Big Ten commissioner Jim Delany predicted the new version of the national championship game would be viewed “much like the Super Bowl.”
Reality hasn’t lived up to the hype.
The semifinal games have mostly produced duds, with eight of 10 being decided by 11 points or more. In addition to the fact that the vast majority of semifinal games haven’t been competitive, the better-seeded teams keep winning them. The No. 1 and No. 2 teams have beaten the No. 3 and No. 4 teams in seven of 10 semifinal matchups to date.
The three instances in which a three or four seed won in the semifinal weren’t titanic upsets, either. No. 4 Ohio State took down No. 1 Alabama in 2014, and No. 3 Georgia and No. 4 Alabama beat No. 1 Clemson and No. 2 Oklahoma in 2017, respectively (and it’s worth noting that Alabama and Georgia were both favored in the 2017 games cited).

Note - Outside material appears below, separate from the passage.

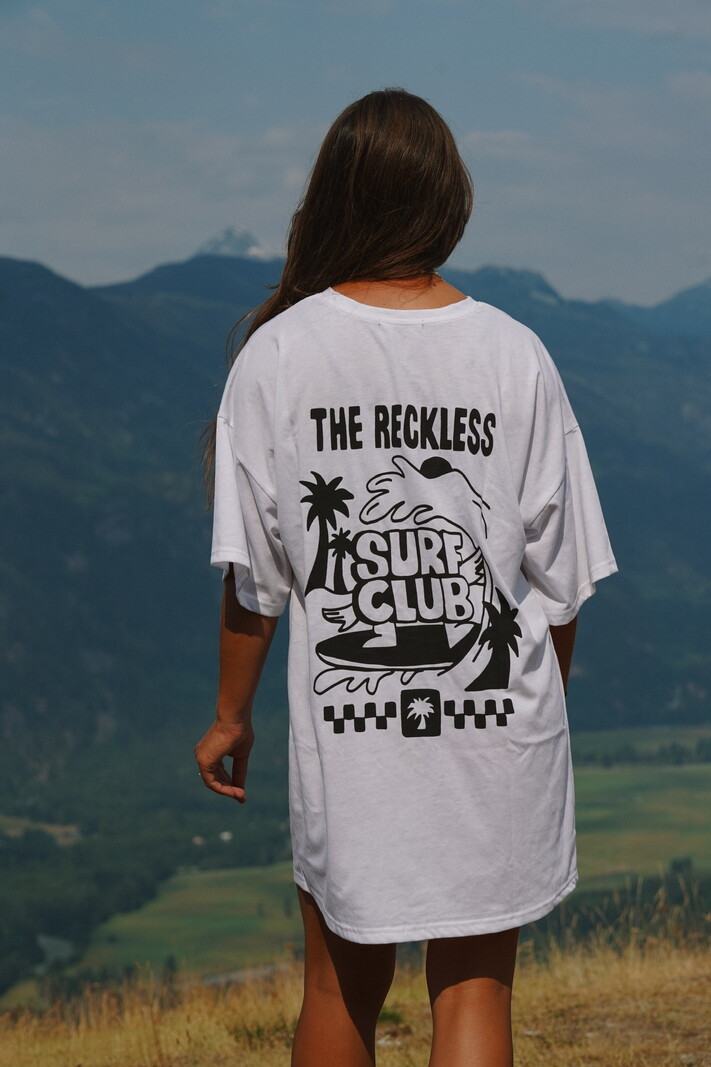 Notice the reckless FEMMES SURF CLUB TEE DRESS WHITE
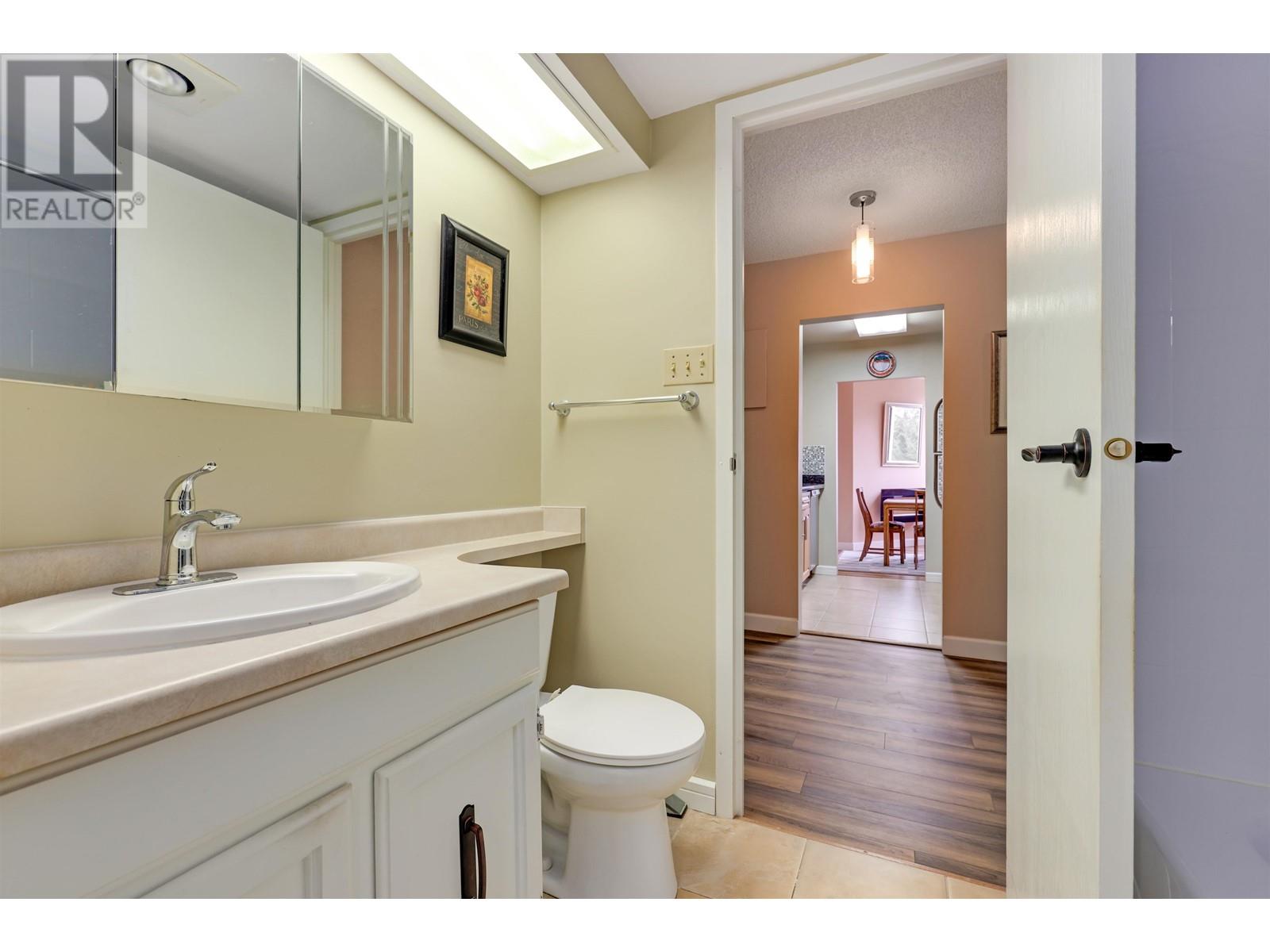 702 710 Seventh Avenue, New Westminster, British Columbia  V3M 5V3 - Photo 17 - R2969995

In the four playoff games in history with point spreads in the double digits, the favorites have won by scores of 38-0, 24-7, 45-34 and 30-3. That doesn’t rule out the possibility of a heavy underdog winning a game in the future. In fact, it’s inevitable. Yet, the truth of the matter is that adding an extra round of semifinal games has done little to improve the quality or meaningfulness of college football’s postseason. Most often, those games have served as nothing but a nuisance for the best teams to deal with on their way to the national championship game.
Would anyone really miss the semifinal games if they were eliminated? It doesn’t feel like they serve much purpose in determining which team deserves the national championship. They’re just kind of... there.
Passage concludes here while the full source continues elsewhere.